All of these reforms were driven by dangerously authoritarian assumption which became a hallmark of New Labour’s approach to criminal justice in response to Lawrence’s death: that the sole purpose of the Courts is to deliver accurate verdicts efficiently. Of course, an accurate verdict is a vital goal for any justice system. But an accurate verdict means nothing if the state and the citizen are not placed on an equal footing in the course of its determination. This is why the rights accorded to defendants are vital and why any attempt to curb or ignore them should cast a significant shadow over any subsequent verdict.

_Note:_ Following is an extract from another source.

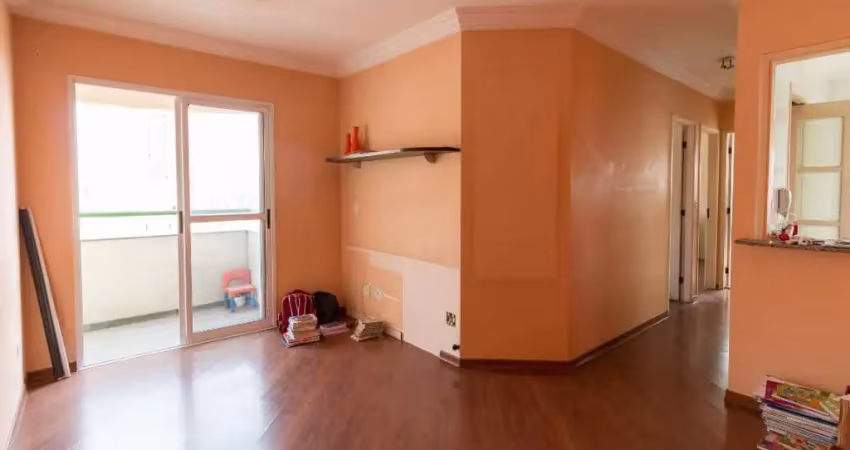 Apartamento para venda - vila augusta, 2 quartos,  57 m² - guarulhos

It goes without saying that society is better off without Norris and Dobson. But anyone who is dedicated to protecting freedom and ensuring limits on state power should be extremely concerned after their conviction. Their trial showcased all the authoritarian developments in our justice system since Stephen Lawrence’s tragic death. It is now vital that we reinvigorate the debate around the rights of defendants and strenuously resist this incessant drive towards efficiency and accuracy. No conviction is worth the cost.